The governor insisted on an amendment that would reopen a competition for an ocean wind project that had already been won by the Norwegian energy developer Statoil. After the amendment passed, Statoil put its plans on hold, and may not be interested in developing in Maine, regardless of the outcome of the reopened competition.

It may ultimately make sense to pick the UMaine project over Statoil’s. Statoil planned to implement and refine a technology it has already established with the world’s first floating offshore wind turbine off the coast of Norway. The turbines used in Maine would be mounted on steel platforms that would be made elsewhere and towed here.

The UMaine project would be developing a technology that would involve concrete platforms manufactured in Maine. If successful, it could create more local jobs and put Maine in the center of a new renewable energy industry. It also could produce less expensive electricity in the long run, making the public investment worthwhile.

But since it is a new approach, it also has a higher risk of failure. Maine ratepayers could fund the research and end up without much to show for it. That’s why it’s important that the public understand what is being proposed to the Public Utilities Commission and the factors that the commissioners are weighing.

UMaine has private-sector partners and is dealing with new technology that may involve trade secrets. There may be good reasons to embargo parts of the report, but there is no good reason to embargo all of it. The public deserves to know what it may be buying, and competitors need to know that the process is fair.

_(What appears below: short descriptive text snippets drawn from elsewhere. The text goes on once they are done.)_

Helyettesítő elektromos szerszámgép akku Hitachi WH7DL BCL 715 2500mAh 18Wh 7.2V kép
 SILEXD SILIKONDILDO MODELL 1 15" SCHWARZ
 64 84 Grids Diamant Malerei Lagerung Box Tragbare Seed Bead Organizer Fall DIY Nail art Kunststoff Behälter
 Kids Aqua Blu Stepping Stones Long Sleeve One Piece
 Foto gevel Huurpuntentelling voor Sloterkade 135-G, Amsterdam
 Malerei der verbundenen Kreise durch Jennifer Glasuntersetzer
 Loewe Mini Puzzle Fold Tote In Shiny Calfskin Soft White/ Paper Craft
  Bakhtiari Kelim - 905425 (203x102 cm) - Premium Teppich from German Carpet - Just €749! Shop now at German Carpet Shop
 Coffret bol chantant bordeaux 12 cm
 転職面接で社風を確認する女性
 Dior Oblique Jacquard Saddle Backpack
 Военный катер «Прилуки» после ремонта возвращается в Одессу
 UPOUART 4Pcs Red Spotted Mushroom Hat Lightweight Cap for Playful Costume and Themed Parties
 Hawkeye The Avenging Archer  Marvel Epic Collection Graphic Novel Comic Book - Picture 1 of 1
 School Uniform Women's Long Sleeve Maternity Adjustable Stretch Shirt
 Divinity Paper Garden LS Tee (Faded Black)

UMaine and its partners got a second chance at this contract thanks to some behind-the-scenes political dealing. It is incumbent on the university to show that if it wins this competition, it is because the university’s proposal is the better choice for Maine taxpayers and electric ratepayers and not because the fix was in.

UMaine’s plan may well be the better alternative. But it doesn’t help build confidence in the bidding process when the university acts as if it has something to hide.